# Fleet dosage?



## Piscesgirl (Feb 25, 2004)

I was hoping someone could suggest a dosage amount for the Fleets? Unfortunately, I think my phosphate kit is inaccurate as I just dropped several drops in a test tube, filled with tap water, and the reading was above 1 ppm, but below 2 ppm. Shouldn't that have been much much higher? 

Anyway, would appreciate thoughts on dosage! Thanks!


----------



## niko (Jan 28, 2004)

Piscesgirl,

Yes with a few drops in 5 ml. of water the reading should have been much above the test highest mark.

I'd say that your test kit is bad. 1 drop of Fleet in 1 gal of water gives approximately 0.5 ppm PO4. You can test that yourself by buying a 1 gallon jug of distilled water from the grocery store, putting a drop of Fleet in it and testing. Consider gettting a new test kit too.

--Nikolay


----------



## Piscesgirl (Feb 25, 2004)

That is a relatively new test kit, too  I suppose I better put up my money and buy a Lamotte. Thank you for the dosage!


----------



## magicmagni (Aug 19, 2004)

http://users.ev1.net/~spituch/Chemicals/chemicals.html#Phosphate from Fleet Enema

I've always used this as a reference when dosing Fleet in my tank, as well as other things. Check it out... note that the dosages are based on a 75 gallon tank. For testing I've always used the Hagen phosphate test kit- works well for me.

Jeff


----------



## Piscesgirl (Feb 25, 2004)

Thanks Magicmagni, I saved that link.

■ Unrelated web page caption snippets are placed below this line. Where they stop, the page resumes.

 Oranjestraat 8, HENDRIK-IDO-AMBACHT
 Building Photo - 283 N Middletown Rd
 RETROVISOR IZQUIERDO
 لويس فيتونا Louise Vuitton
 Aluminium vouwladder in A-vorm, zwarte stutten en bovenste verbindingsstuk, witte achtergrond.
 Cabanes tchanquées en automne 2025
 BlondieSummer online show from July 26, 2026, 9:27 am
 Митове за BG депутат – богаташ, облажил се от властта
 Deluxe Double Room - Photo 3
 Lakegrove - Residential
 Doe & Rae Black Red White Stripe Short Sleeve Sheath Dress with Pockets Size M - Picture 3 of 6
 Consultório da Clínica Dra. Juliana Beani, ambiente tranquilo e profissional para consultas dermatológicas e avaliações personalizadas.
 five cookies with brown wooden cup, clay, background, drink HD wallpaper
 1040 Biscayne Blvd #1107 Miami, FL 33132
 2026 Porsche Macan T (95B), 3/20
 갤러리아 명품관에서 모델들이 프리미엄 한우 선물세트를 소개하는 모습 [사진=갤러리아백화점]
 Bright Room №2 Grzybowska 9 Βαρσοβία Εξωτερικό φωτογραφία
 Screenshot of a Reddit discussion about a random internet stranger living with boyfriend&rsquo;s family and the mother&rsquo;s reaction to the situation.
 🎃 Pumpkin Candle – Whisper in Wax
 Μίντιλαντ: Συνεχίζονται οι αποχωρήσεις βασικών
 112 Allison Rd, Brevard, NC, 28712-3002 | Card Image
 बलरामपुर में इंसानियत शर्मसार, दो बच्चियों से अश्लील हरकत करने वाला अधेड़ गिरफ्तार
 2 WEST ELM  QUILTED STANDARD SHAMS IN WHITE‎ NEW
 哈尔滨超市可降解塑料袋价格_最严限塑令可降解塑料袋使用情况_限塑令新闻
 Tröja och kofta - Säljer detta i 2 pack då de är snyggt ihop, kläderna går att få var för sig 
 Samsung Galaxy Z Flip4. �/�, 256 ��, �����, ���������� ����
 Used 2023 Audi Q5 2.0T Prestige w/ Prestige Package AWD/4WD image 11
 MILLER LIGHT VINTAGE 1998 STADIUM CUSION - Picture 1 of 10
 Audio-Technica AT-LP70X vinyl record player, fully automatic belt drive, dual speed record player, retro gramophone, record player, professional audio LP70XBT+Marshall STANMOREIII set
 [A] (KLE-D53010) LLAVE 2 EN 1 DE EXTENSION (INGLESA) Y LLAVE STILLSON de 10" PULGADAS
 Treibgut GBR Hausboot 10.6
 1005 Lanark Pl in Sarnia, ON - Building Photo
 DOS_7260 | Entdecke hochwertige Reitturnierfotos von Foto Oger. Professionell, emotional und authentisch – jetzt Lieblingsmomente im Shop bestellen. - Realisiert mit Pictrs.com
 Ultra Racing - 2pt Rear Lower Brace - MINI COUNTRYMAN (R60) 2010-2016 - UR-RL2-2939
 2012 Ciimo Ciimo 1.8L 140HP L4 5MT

I tried my phosphate kit again adding several drops to the tube, and it is junk. I went ahead and ordered the Lamotte, but I'm sending a check so it will be awhile until it arrives -- I'm not adding any more fleet until it comes. It really makes me mad that I kept thinking I only have .1 ppms of P04, when it could be anything!


----------